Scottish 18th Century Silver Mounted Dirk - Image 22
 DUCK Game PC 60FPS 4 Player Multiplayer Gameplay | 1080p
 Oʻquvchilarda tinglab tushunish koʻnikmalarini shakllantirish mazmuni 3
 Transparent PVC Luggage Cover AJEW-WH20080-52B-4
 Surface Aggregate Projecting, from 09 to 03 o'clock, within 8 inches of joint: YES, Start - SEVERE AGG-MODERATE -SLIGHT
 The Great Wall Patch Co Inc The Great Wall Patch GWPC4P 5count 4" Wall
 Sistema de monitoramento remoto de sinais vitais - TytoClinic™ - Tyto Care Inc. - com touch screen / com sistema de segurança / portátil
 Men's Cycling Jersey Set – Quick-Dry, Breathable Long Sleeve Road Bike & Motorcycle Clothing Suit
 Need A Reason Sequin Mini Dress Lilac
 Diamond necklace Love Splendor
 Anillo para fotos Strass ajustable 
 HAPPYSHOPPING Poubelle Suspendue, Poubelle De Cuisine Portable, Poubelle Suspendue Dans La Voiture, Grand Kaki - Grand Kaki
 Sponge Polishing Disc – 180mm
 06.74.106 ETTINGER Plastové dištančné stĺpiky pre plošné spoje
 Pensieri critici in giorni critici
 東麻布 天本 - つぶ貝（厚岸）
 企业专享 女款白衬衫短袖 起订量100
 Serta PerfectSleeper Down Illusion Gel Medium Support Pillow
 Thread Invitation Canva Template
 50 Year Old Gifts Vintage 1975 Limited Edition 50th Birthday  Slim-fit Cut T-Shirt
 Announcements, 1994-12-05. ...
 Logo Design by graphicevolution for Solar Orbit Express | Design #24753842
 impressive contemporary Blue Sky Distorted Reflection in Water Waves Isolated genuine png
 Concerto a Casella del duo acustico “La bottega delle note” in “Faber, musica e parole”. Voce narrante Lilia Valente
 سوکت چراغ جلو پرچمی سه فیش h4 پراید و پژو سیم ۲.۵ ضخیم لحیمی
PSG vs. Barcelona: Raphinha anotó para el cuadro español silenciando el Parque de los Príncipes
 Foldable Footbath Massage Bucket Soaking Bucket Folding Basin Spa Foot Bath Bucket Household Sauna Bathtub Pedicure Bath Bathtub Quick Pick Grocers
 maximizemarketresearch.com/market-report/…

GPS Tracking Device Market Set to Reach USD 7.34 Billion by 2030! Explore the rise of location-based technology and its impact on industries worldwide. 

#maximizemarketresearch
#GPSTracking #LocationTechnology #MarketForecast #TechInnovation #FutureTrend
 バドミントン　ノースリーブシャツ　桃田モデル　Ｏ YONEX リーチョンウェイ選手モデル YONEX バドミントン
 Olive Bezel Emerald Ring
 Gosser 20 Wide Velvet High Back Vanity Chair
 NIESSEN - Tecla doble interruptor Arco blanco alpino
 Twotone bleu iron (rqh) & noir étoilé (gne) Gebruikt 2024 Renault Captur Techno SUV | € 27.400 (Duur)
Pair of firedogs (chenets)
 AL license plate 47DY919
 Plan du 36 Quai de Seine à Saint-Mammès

________________

What to do> Copy each line from the data above that includes "para".

Solution below>
 Anillo para fotos Strass ajustable 
PSG vs. Barcelona: Raphinha anotó para el cuadro español silenciando el Parque de los Príncipes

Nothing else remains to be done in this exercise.